The UK’s own growth, according to the IMF, will be just 0.6 per cent. That prompted the Governor of the Bank of England, Sir Mervyn King, to warn last night that Britain’s recovery will be “arduous, long and uneven”.

However, critics last night warned Mr Salmond’s economic case for independence was flawed, and ignored growing concerns about the currency Scotland would adopt, and the relationship it would have to forge with Europe.

Mr Salmond is expected to have a global audience this afternoon as he sets out his case, with 70 journalists from foreign media expected to attend. He will publish a consultation paper setting out the SNP’s referendum terms.

It is expected that, with the consultation period open for three months, tens of thousands of people around Scotland will write in to the Scottish Government setting out their views on how the referendum should be run. Expat Scots around the world will also be welcome to share their opinions, although they will not have a vote in the referendum.

The First Minister will confirm that he wants to hold off staging the referendum until autumn 2014, saying it cannot be held any sooner due to parliamentary and legislative reasons.

He will also confirm that while the party favours a straight “yes-no” question on independence, it would be wrong to rule out asking a second question on “devo max” – under which the UK would remain in place, but all issues on tax and spending would be taken by Holyrood.

UK government sources indicated last night they were “relatively relaxed” about the timing of the poll, but that the Scottish Government should rule out a multi-option referendum, which they say will lead to massive voter confusion.

Scottish Secretary Michael Moore has also insisted that, unless the Scottish Government is given new powers to hold a referendum by Westminster, it will be ruled illegal by the courts.

Mr Moore and Mr Salmond are now scheduled to hold talks on Friday.

In his speech last night, Mr Salmond outlined his claim that independence would help Scotland out of the economic slump and warned against “scare stories” from political opponents, arguing that an independent Scotland would be weaker and more impoverished. The First Minister said: “In Scotland, my party’s manifesto for last year’s election made it clear that the economy would be a top priority for us.

“We are still deeply aware, as are many places in England and Wales, of the lasting damage done by the mass unemployment of the 1980s, which left a legacy of alienation, ill-health and hopelessness which endured long after economic recovery had taken hold.

“However careful we are at directing spending towards areas which protect welfare and promote economic growth, we cannot escape the consequences of the UK government’s macro-economic policies.

“Nobody denies that the UK government’s budget deficit needs to be tackled. However, the sheer scale of the austerity measures decided upon by the UK government is proving counter-productive, particularly in the cuts to capital spending.

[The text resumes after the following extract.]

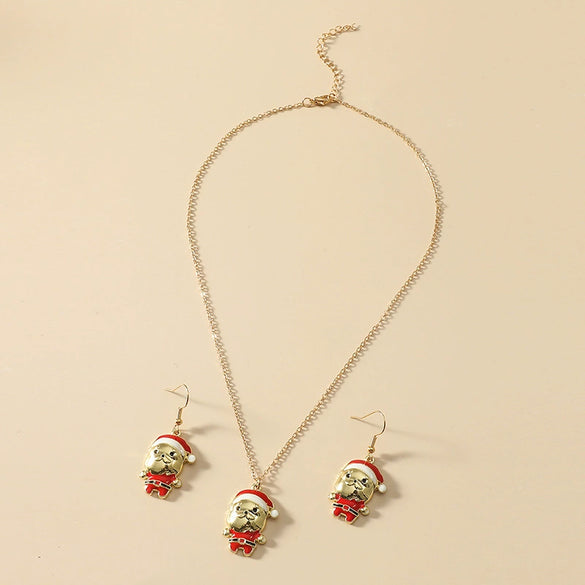 Alloy Dripping Oil Puppy Style Earrings And Necklace Set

“It doesn’t require a Nobel laureate in economics to understand that it is difficult to sustain an economic recovery on export-led growth when your major export market is enduring significant problems.”

Mr Salmond went on to claim that small, independent countries such as Norway, Sweden and New Zealand, were weathering the economic storm better than larger countries, including the UK, Spain and Italy.

“What independence would do is to give us the tools – corporation tax, for example, or alcohol excise duty – which we could use to get on with the job of promoting recovery and improving people’s lives,” he said.

Responding to the speech, Mr Moore rejected the idea that independence would benefit Scotland. He said: “The very purpose of devolution and a Scottish Parliament is to allow Scotland to make policy decisions on matters such as health, education and transport in line with Scotland’s needs and priorities. That is happening already.

“So Scotland can have that while remaining part of the UK family, with all the shared strength and security that provides, particularly with regard to the economy. I think that Scotland is stronger within the UK and the UK is stronger for having Scotland within it.

“And particularly in times of strain, it’s better for families to stick together rather than break apart.”